Burns is chosen because he physically resembles the victims and he accepts the mission as a fast-track route to promotion.

What is never clear is how Officer Burns is meant to ID the killer. There is no indication that he has any cunning plan. This is worrying since most of the leather-clad clubbers give him death stares and any one could be a prime suspect.

William ‘The Exorcist’ Friedkin’s direction is lazy and the plot so full of holes that any semblance of realism is soon compromised. The movie uses the gay bar scene as an exotic backdrop to add a voyeuristic element to an unconvincing drama. There are jock straps and blow/hand jobs aplenty with no signs that safe sex is an issue. A post-AIDS version would have been very different.

To pass unnoticed in this sweaty S&M scene Officer Burns would have had to participate more actively but instead we see Pacino nervously swaggering about on the sidelines and indiscreetly questioning a barman about the clients. A manic turn on a crowded dance floor after snorting cocaine is his principal act of integration.

“There are things you don’t know about me”, he says enigmatically to his girlfriend, Nancy (Karen Allen) but as if to prove he is still a ‘real man’ (and despite the fact that he is meant to be ‘deep undercover’) he still finds time to return to have vigorous vaginal intercourse with her.

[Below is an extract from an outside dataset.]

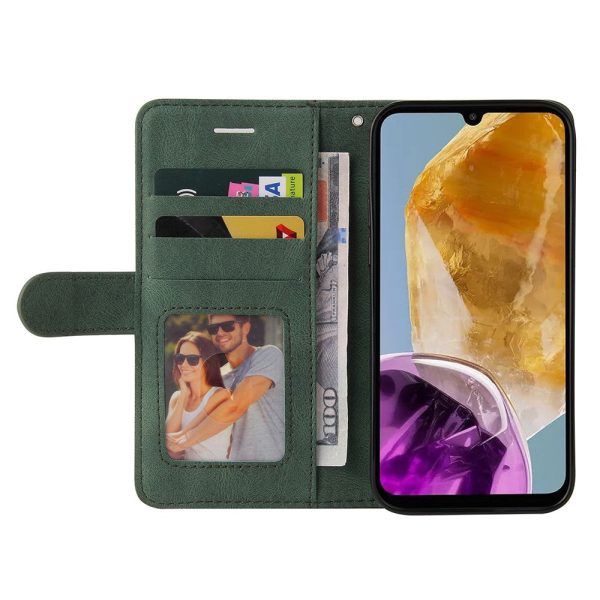 Textured Samsung Galaxy M15 leather case with strap - Green Discount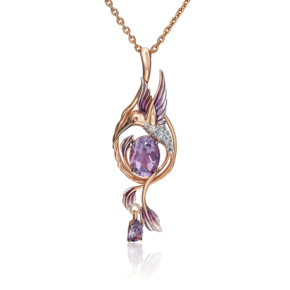 Подвеска «Колибри» из красного золота с миксом камней и эмалью 03-3108-00-225-1110-57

Many gay rights campaigners were apparently up in arms at the depiction of their world but, over 30 years on, what is striking is the absence of the routine homophobia that you might have expected.

It’s hard to argue that the killer symbolises some kind of anti-gay crusade; he has sex with his victims and his motive appears to stem from some deep-rooted self loathing. His murders serve to satisfy some vague form of demented penance for his father, who has been dead for 10 years.

The strong hints that Pacino / Burns is a closet gay fuel a preposterous finale which leaves us wondering if he too has turned into a killer.

This DVD (featuring previously deleted scenes) markets Cruising as a ‘cult’ classic movie when crap exploitation flick would have been closer to the mark.